Data for review:
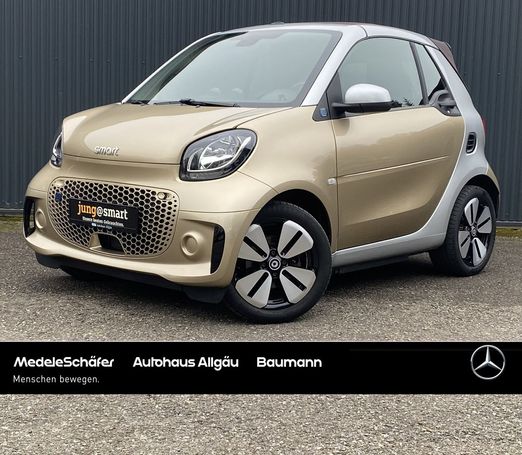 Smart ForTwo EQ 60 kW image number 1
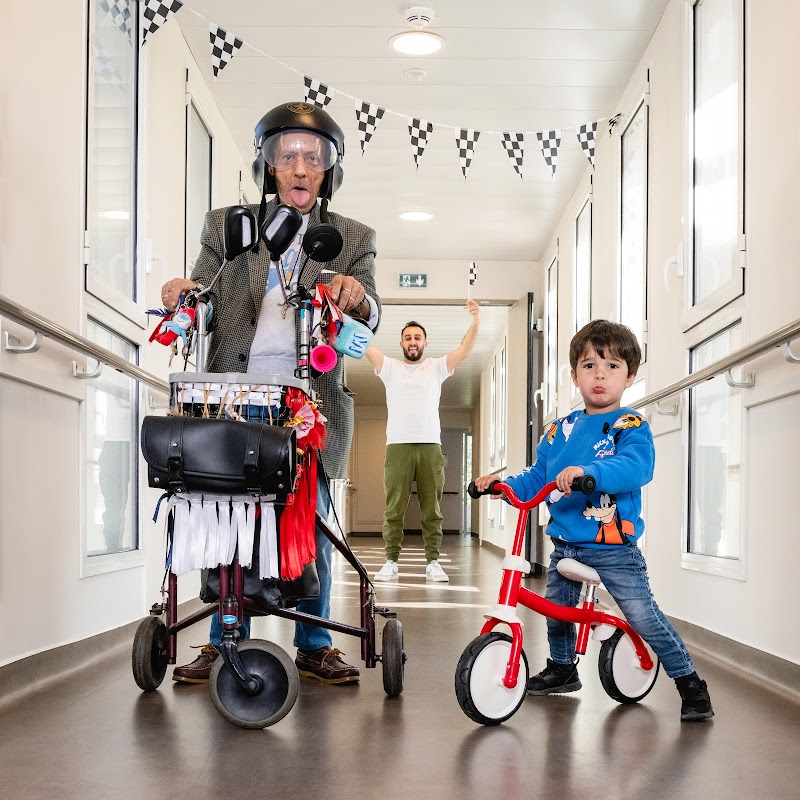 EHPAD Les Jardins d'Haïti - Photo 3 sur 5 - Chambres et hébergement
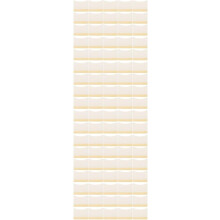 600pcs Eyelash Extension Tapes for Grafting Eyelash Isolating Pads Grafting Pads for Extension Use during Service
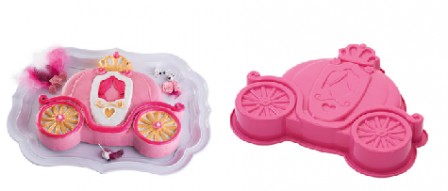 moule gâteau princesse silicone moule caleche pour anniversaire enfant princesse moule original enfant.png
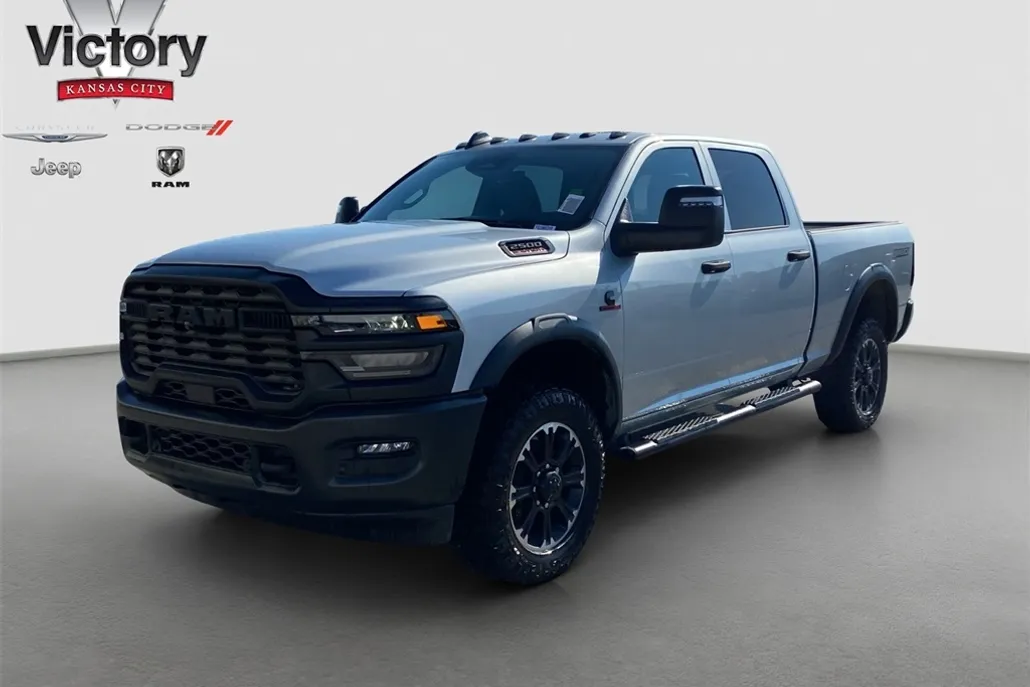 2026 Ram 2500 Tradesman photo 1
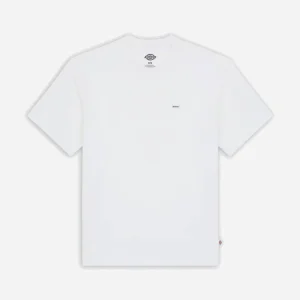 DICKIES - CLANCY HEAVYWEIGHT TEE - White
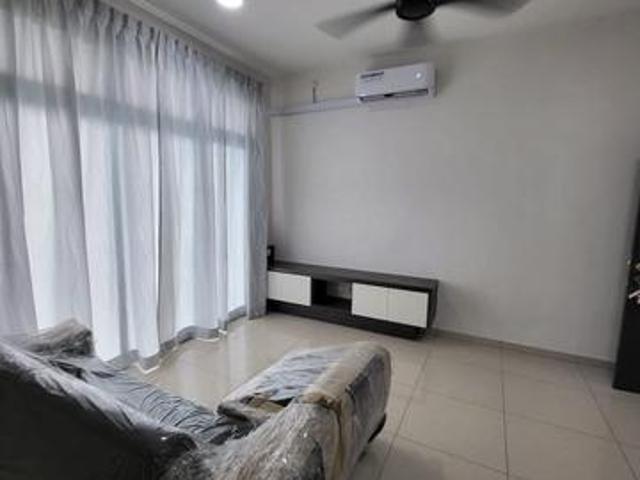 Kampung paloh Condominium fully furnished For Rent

What the exercise asks: Copy the entries above verbatim. Pictures do not belong in the copy.

Solution to the problem:
 Smart ForTwo EQ 60 kW image number 1
 EHPAD Les Jardins d'Haïti - Photo 3 sur 5 - Chambres et hébergement
 600pcs Eyelash Extension Tapes for Grafting Eyelash Isolating Pads Grafting Pads for Extension Use during Service
 moule gâteau princesse silicone moule caleche pour anniversaire enfant princesse moule original enfant.png
 2026 Ram 2500 Tradesman photo 1
 DICKIES - CLANCY HEAVYWEIGHT TEE - White
 Kampung paloh Condominium fully furnished For Rent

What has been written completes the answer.